Saturday, September 11, 2021

Palantir: Operating profitability and expense trends (Its Saul Goodman)

One of my go to metrics to look at how well a company is operating, is to look as cash flow generated from operations. When a company executes well, the cash flow from operations increases and the 'On balance cash flow from operations' (OBCFO) will increase from quarter to quarter. When this metric increases  quarter over quarter, or year or year, or quarter over quarter last year, these are positive signs of increase in operational cash. The reason, I really like cash flow from operations, is that this is a measure of recurring revenue which is inherent to the day to day functions of the company. The other cash flows are cash flow from investing activities (these include purchases of physical assets, securities, or the sale of securities or assets) and cash flow from financial activities (activities involving debt, equity, and dividends). These latter 2 cash flows are indicators of investment savvy and financial gymnastics of a company and no so much a reflection of how the company operates. The cash generated from operations can be reinvested into the company for growth in term of new tech, acquisitions, product development etc. With that brief introduction, lets look at Palantir and its cash flow for the past 8 quarters.

Cash Flow from operations compared to Stock price.


Figure 1: On balance cash flow from operations compared to stock price for Palantir

It took me a while to change my mindset, that a stock price is not the company and a company cannot be evaluated on basis of stock price alone. A stock price is a marker of the sentiment of what the majority thinks the company is valued. In any case, let compare the OBCFO to price of Palantir's stock. This is shown in figure 1. The price, is the closing price on the week, the results of earnings came out.

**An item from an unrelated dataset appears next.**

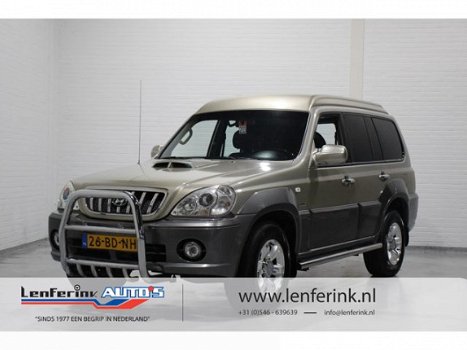 Hyundai Terracan - 2.9 CRDI HighRoof van grijs kenteken apk 11-2020 MARGE - 1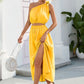 Out-Shine | Chic Split Hem Maxi Two Part Set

One of the immediate things to notice is that the OBCFO has increased over the last quarters and it shows a healthy uptrend. Another important feature in this figure, is what I call “fundamental bullish divergence” (green arrow), this happens when the stock price is trading lower and the OBCFO is actually higher, this usually, a strong clue for me to add to shares or enter a new position (provided I believe in the leadership and company management). This event happened after the March 2021 earnings, where the price was trending lower than its recent high.

Cash Flow from operations compared to reported sales and marketing expense.

 

Figure 2: On balance cash flow from operations versus Sales and Marketing expense for Palantir

This however is only part of the equation, if for some reason the cash flow is not increasing, like it did in quarters ending 6/30/2020 to 12/31/2020, then we absolutely must look for reasons why. One place which may explain why cash flow from operations was low, is if the company used some of that cash to either grow the operations (either by increasing sales and marketing) or by focusing on research and development. This is shown in Figure 2, as on balance cash flow from operations is falling (blue line) from periods 6/30/2020 to 12/31/2020, the reported sales and marketing expense is rising. So this fall in cash flow was a “good thing” (grey shape - dotted line)

Cash Flow from operations compared to reported Research and development expense.

Figure 3: On balance cash flow from operations compared to Research and development expense for Palantir

I also make it a point to look at R&D expense, after all, if a company is to grow, it needs to continue to innovate and apply those discoveries to further its mission. This is shown in Figure 3, as on balance cash flow from operations is falling (blue line) from periods 6/30/2020 to 12/31/2020, the reported expense for research and development is rising. So this fall in cash flow was a “good thing” (grey shape - dotted line)

 Palantir, in this case has executed flawlessly for the past few quarters and its all good man (In case you did not get the humor reference in title) and this give me good confidence that the company will continue to grow and as consequence of this, the stock will also continue to grow.

 Disclaimer: I am long term investor and own shares of Palantir. The data were obtained from public sources.